Sullivan played the lead in a series of lower budgeted films noir: Loophole (1954) for Allied Artists, Playgirl (1954) at Universal, and The Miami Story (1954) for Sam Katzman. He went back to MGM for a support role in Her Twelve Men (1954).

In June 1954, he returned to Broadway to replace Henry Fonda in The Caine Mutiny Court-Martial. He went to Paramount to support James Stewart in Strategic Air Command (1955) and guested on shows like General Electric Theater, Studio One in Hollywood, Climax! and Ford Star Jubilee (reprising his Caine Mutiny performance).

Sullivan was leading man to Joan Crawford in Queen Bee (1955), Claudette Colbert in Texas Lady (1955), Barbara Stanwyck in The Maverick Queen (1956) and Doris Day in Julie (1956).

In 1956, he was in Too Late the Phalarope on Broadway which had a short run.

He had the lead in a low budget Western Dragoon Wells Massacre (1957), The Way to the Gold (1957), and Sam Fuller's Forty Guns (1957) with Stanwyck. He was Lana Turner's leading man in Another Time, Another Place (1958) and played star roles in some films for Allied Artists, including Wolf Larsen (1958), an adaptation of The Sea Wolf wherein Sullivan played the title role, and The Purple Gang (1959), a gangster film.

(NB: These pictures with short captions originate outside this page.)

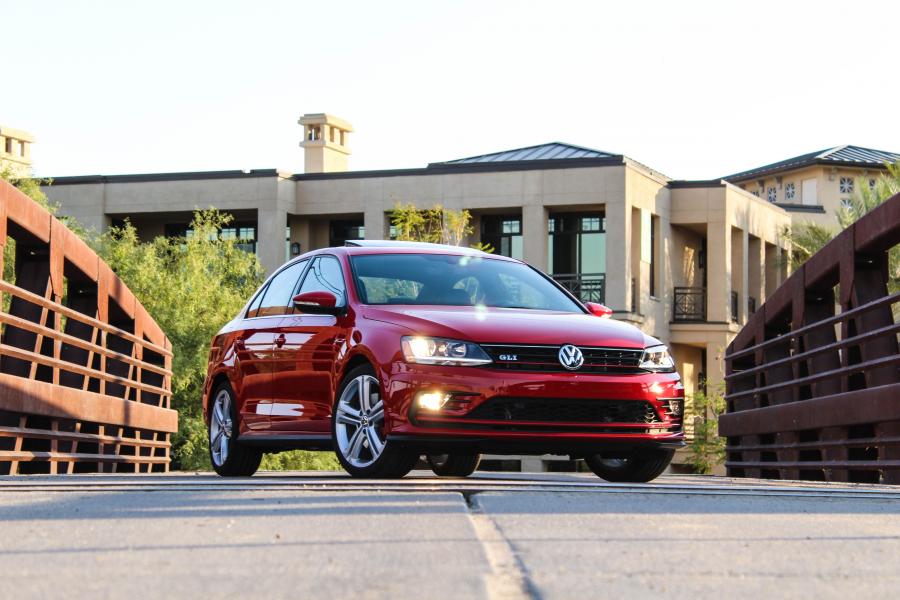  Volkswagen Jetta GLI (Typ 1B) 2015 года  (NA) (фото 11 из 40)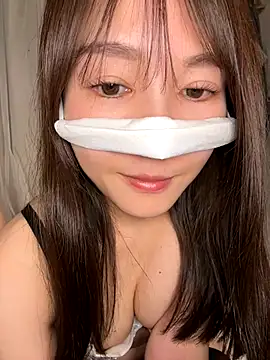 miumiu 0304 online show from September 26, 12:25 pm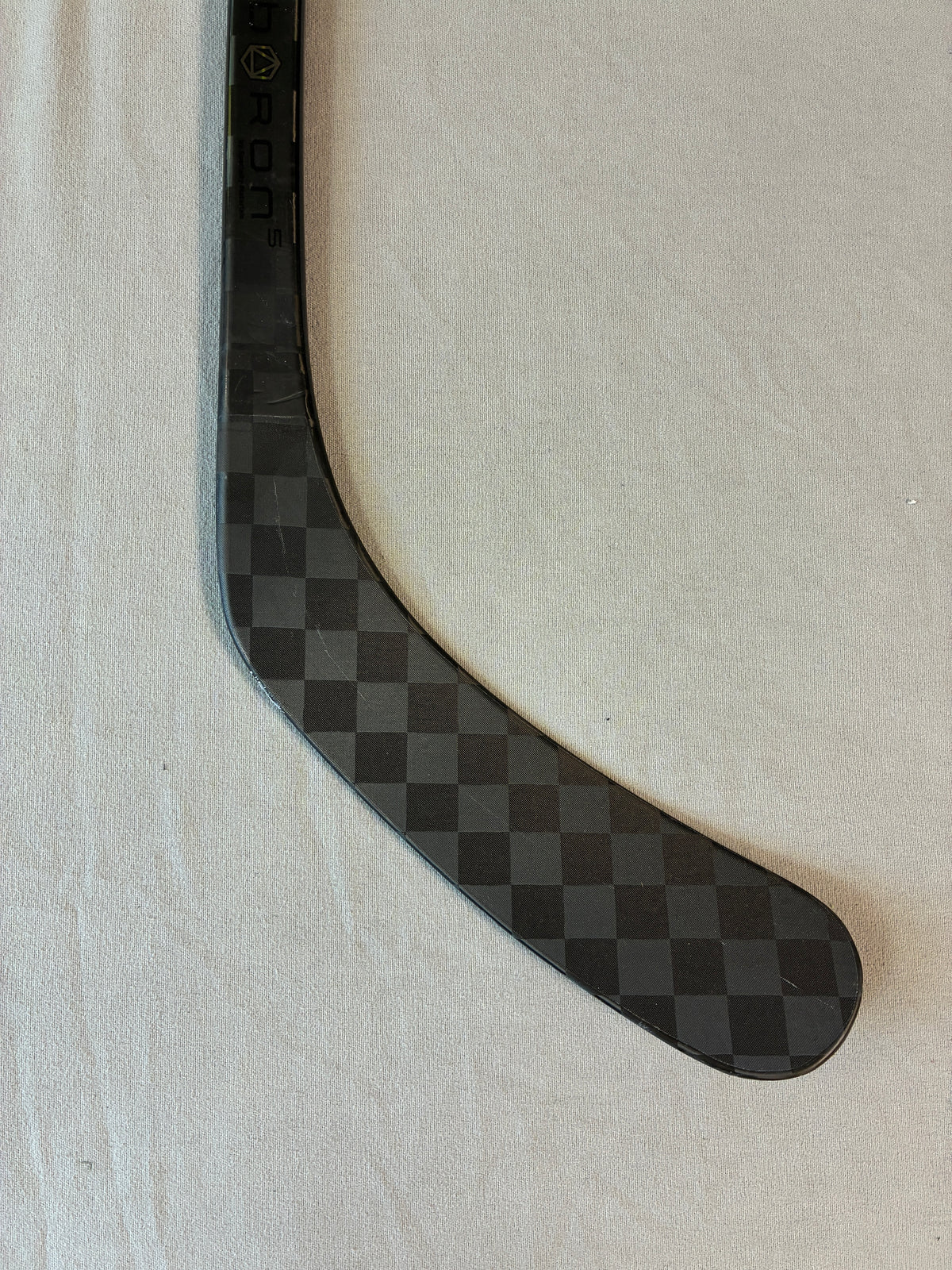 Like New 65 Flex P92 Senior Bauer Pulse Left Hand Pro Stock Hockey Stick - Black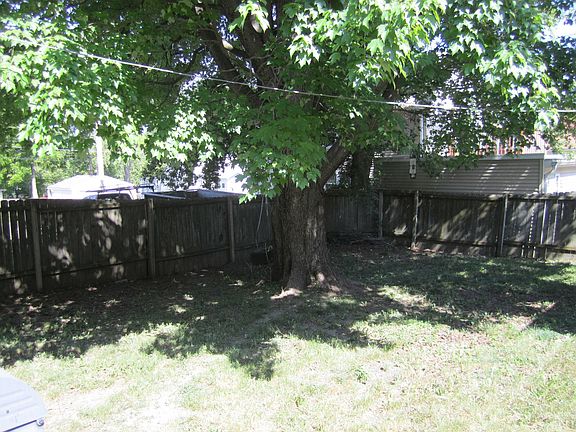 3rd image of 319 Gurler St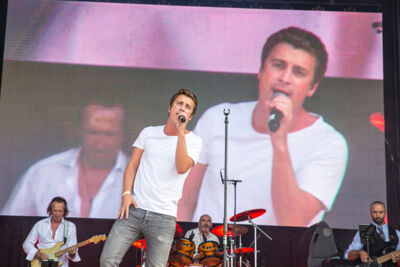 Niels Destadsbader @ Antwerp Pride Closing Festival, picture 2, photographed by Marc Verdonck - FrontView Magazine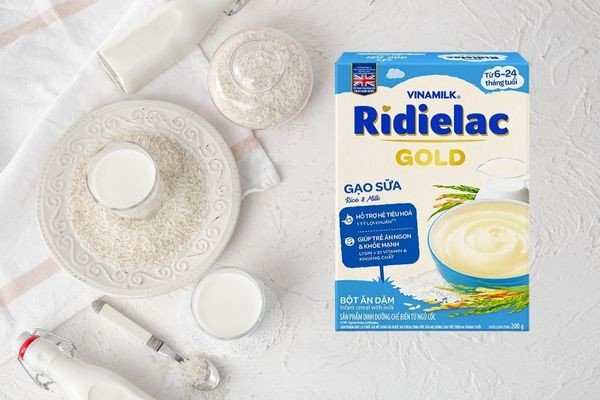Bát bột ăn dặm gạo sữa cho bé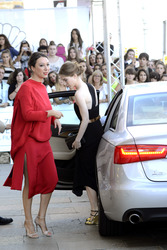 Der 'Oktober November' Cast verläßt sein Hotel, San Sebastian Film Festival 2013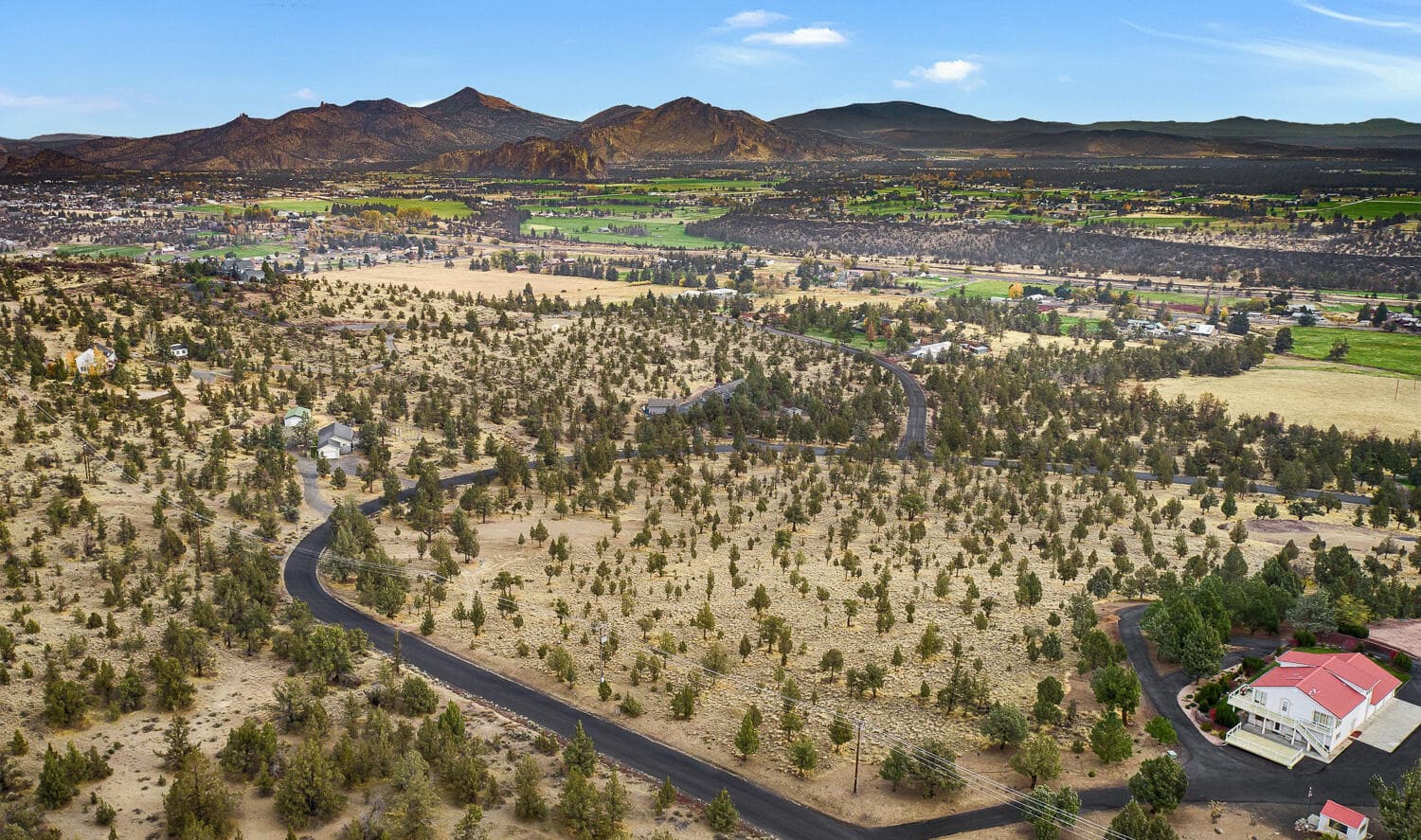 Aerial view toward Smith Rock. Photo 3 of 14, 5680 NW 19th Street, Terrebonne, OR 97760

His last film was The Last Straw in 1987.

===Television===
In the 1953-1954 television season, Sullivan appeared with other celebrities as a musical judge on Jukebox Jury. His first starring television role was a syndicated adaptation of the radio series The Man Called X for Ziv Television in 1956–1957 as secret agent Ken Thurston. He directed some episodes of Highway Patrol, which was made by Ziv, who did Harbourmaster. He continued to make guest appearances on shows like Alfred Hitchcock Presents, Pursuit, Playhouse 90, The DuPont Show with June Allyson, The United States Steel Hour and Westinghouse Desilu Playhouse, and he was in a TV adaptation of My Three Angels. Sullivan starred in a western TV show, The Tall Man (1960–1962) and the television series The Road West, as family patriarch Ben Pride. He guest starred on Perry Mason, Mission: Impossible, Bonanza, Garrison's Gorillas, Mannix, The Man from U.N.C.L.E., That Girl, and It Takes a Thief. Sullivan also appeared in the first season of Barnaby Jones; episode titled, "A Little Glory, A Little Death" which initially aired April 29, 1973.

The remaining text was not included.